══ RECORDED DATA ══

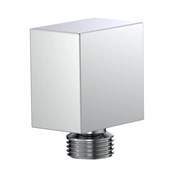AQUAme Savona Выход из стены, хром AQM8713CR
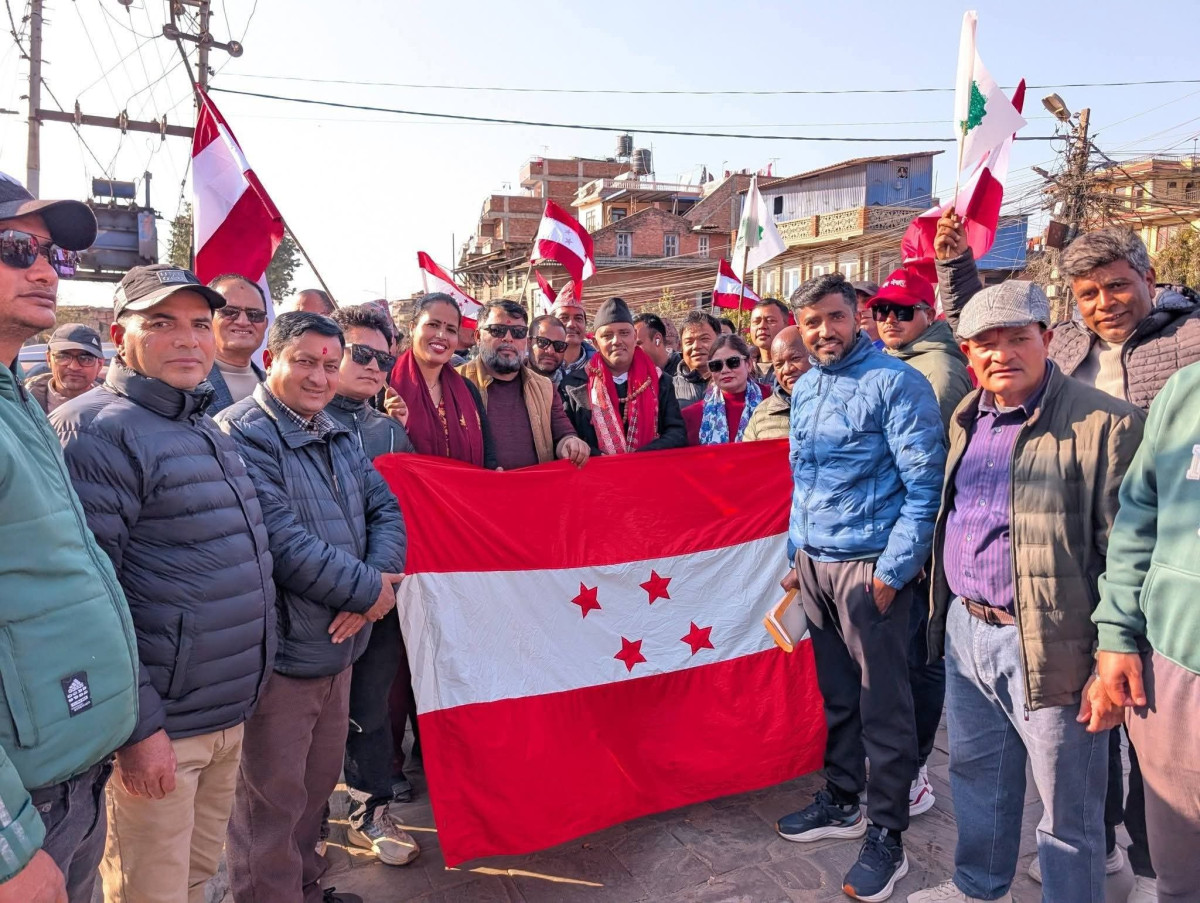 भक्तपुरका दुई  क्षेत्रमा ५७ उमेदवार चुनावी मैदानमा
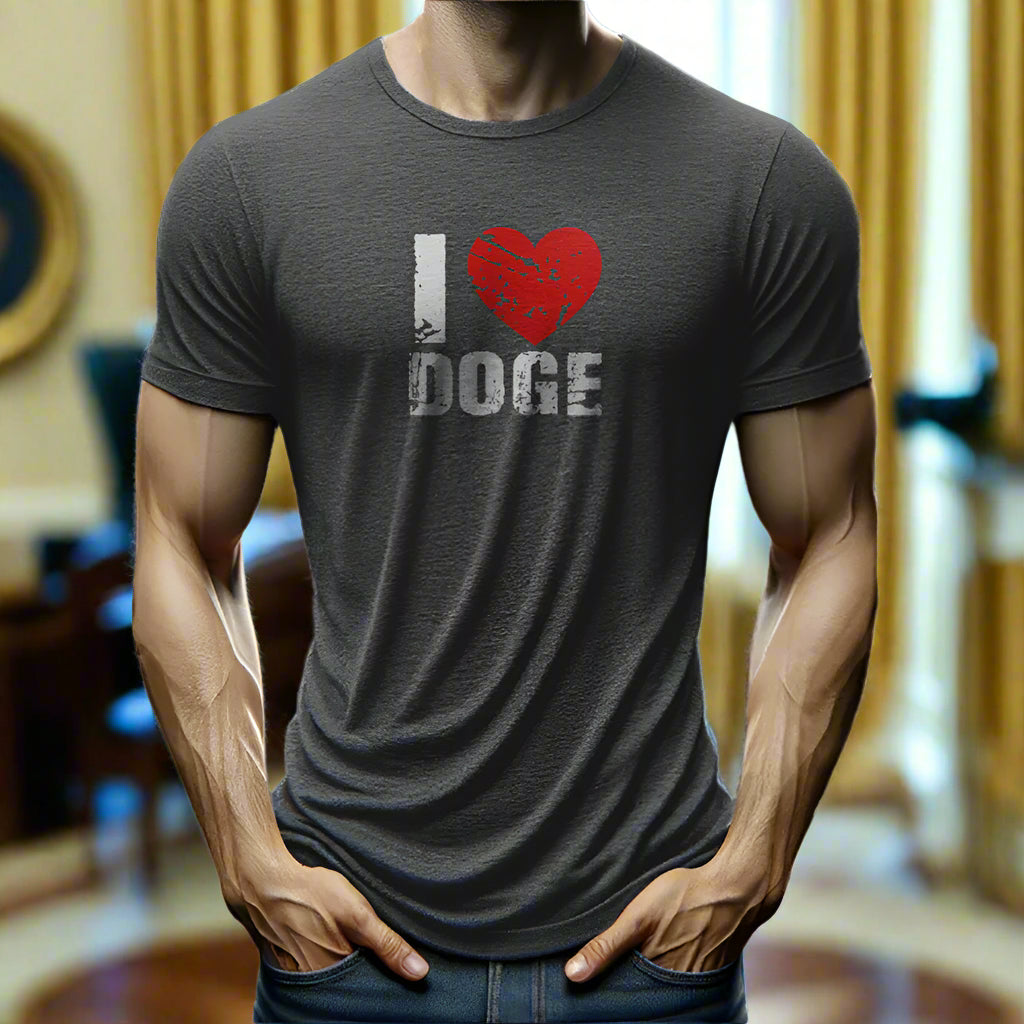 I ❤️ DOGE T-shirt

═══

WHAT IS EXPECTED => Any picture in the material is to be left out, and everything else is to be retyped as is.

TASK ANSWER =>
AQUAme Savona Выход из стены, хром AQM8713CR
 भक्तपुरका दुई  क्षेत्रमा ५७ उमेदवार चुनावी मैदानमा
 I ❤️ DOGE T-shirt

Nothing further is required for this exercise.